Please write out only the lines from the line with "Poison Ivy Poison" to the line with "The body of", inclusive, exactly as they stand below, without the pictures.

• [RECORDS TO PROCESS]
--- START ---

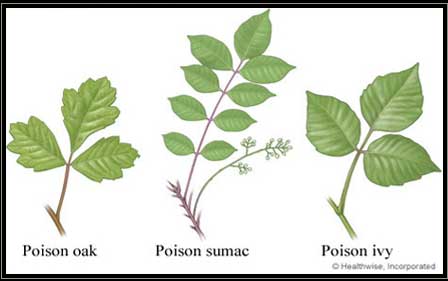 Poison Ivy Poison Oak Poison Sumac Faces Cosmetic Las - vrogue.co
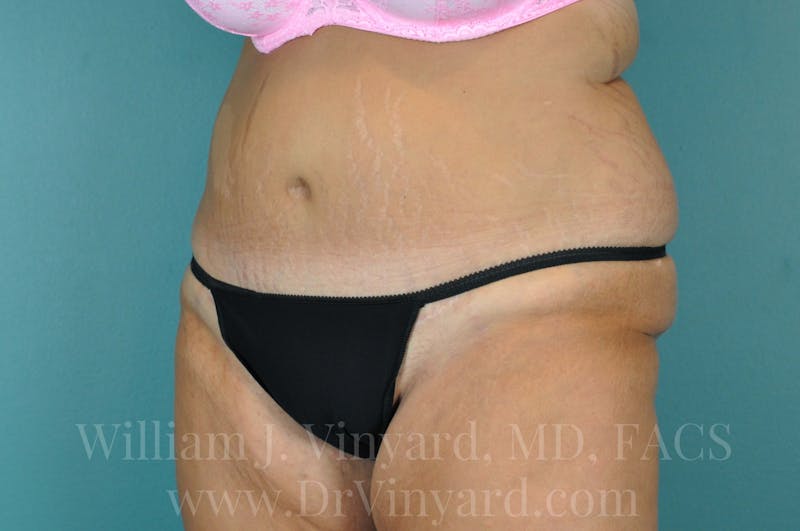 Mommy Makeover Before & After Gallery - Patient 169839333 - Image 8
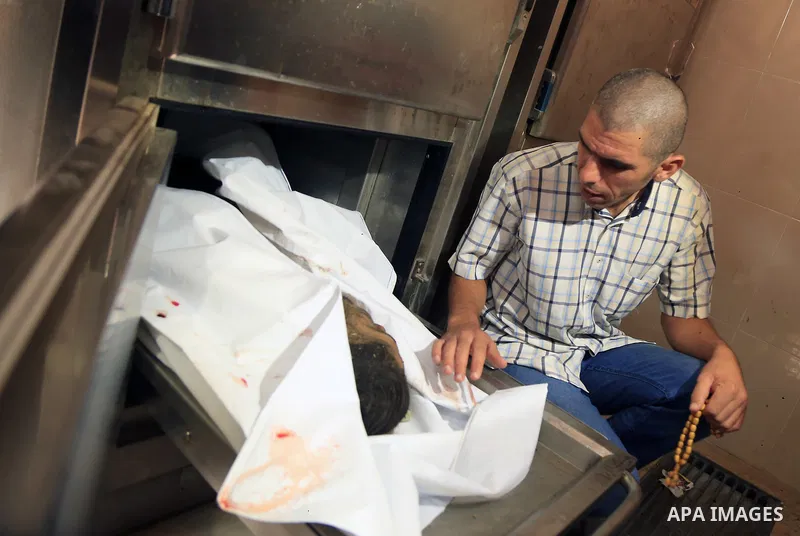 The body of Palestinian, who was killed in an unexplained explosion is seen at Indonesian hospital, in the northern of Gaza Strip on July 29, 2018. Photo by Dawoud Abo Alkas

--- END ---
--- START ---

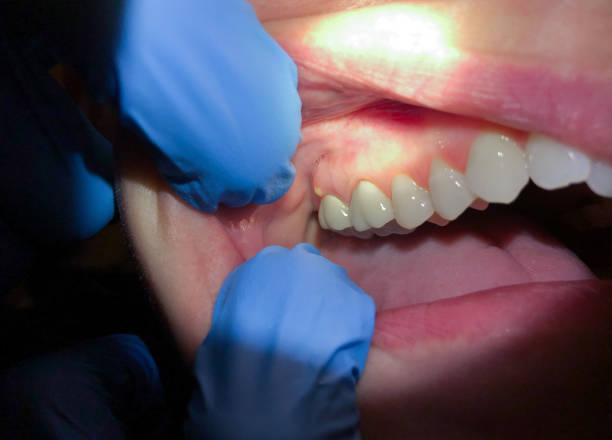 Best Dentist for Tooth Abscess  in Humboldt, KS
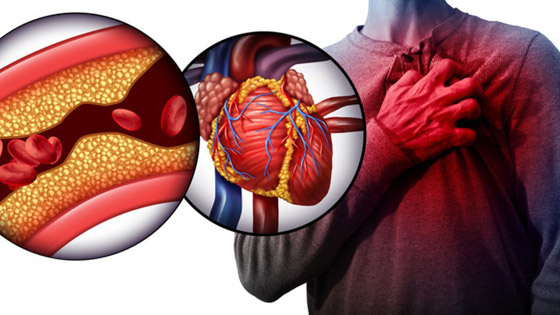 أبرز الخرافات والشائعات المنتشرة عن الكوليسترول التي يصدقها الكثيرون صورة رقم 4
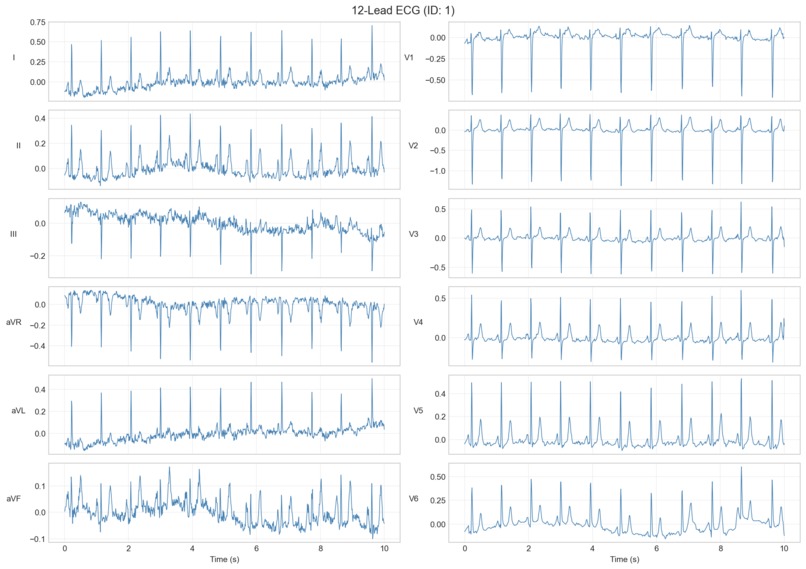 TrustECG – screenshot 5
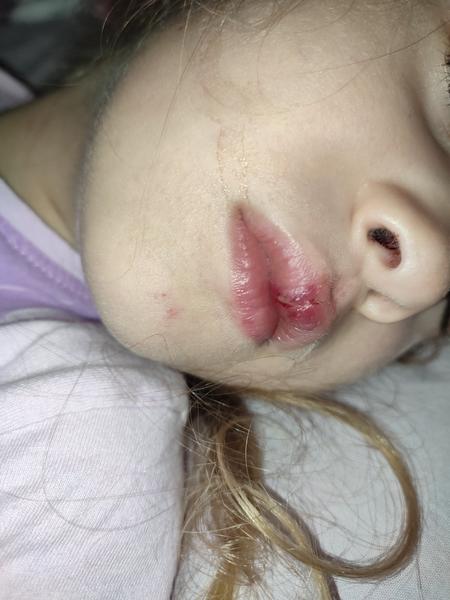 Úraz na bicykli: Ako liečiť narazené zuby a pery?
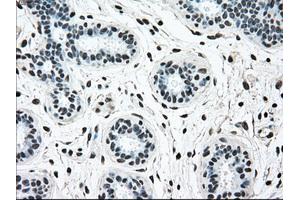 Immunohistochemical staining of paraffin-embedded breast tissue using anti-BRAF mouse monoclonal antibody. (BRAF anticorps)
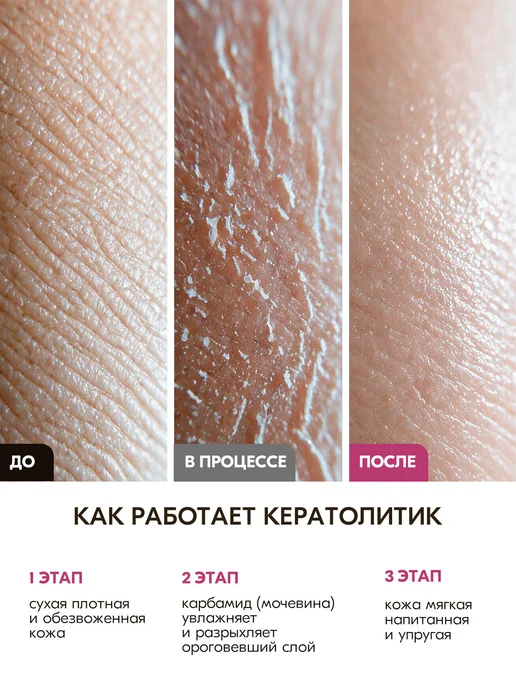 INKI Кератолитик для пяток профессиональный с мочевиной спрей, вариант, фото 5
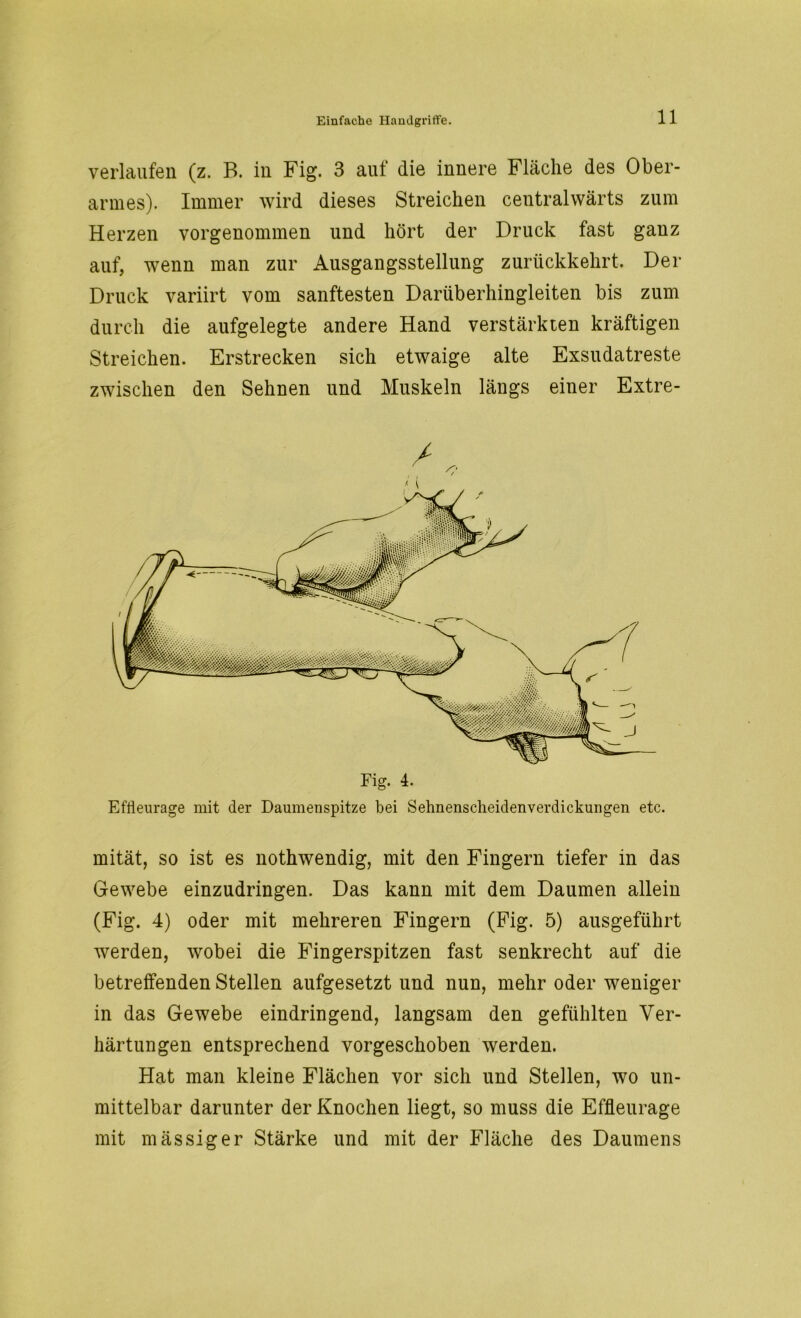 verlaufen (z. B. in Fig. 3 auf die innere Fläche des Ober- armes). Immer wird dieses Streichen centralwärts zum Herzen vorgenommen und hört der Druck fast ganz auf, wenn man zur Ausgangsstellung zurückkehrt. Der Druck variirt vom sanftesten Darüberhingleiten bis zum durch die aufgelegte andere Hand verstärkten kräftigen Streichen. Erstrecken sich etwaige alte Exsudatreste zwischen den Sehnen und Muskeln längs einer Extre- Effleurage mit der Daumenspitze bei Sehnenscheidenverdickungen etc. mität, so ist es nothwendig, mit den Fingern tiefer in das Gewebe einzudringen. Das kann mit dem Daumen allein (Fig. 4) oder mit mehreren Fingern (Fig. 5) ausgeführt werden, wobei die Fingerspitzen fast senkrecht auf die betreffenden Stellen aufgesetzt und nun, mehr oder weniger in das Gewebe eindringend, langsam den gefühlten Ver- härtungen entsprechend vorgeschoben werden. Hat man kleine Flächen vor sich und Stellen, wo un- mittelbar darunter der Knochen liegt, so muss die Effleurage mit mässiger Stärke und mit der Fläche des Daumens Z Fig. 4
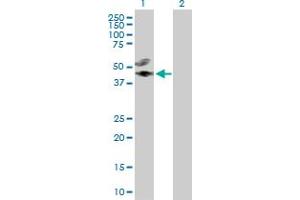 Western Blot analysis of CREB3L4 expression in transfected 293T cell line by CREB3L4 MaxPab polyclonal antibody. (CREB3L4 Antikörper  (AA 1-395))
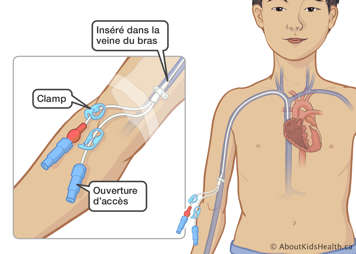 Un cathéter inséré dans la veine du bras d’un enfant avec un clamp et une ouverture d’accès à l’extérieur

--- END ---

• [EXPECTED ANSWER]
 Poison Ivy Poison Oak Poison Sumac Faces Cosmetic Las - vrogue.co
 Mommy Makeover Before & After Gallery - Patient 169839333 - Image 8
 The body of Palestinian, who was killed in an unexplained explosion is seen at Indonesian hospital, in the northern of Gaza Strip on July 29, 2018. Photo by Dawoud Abo Alkas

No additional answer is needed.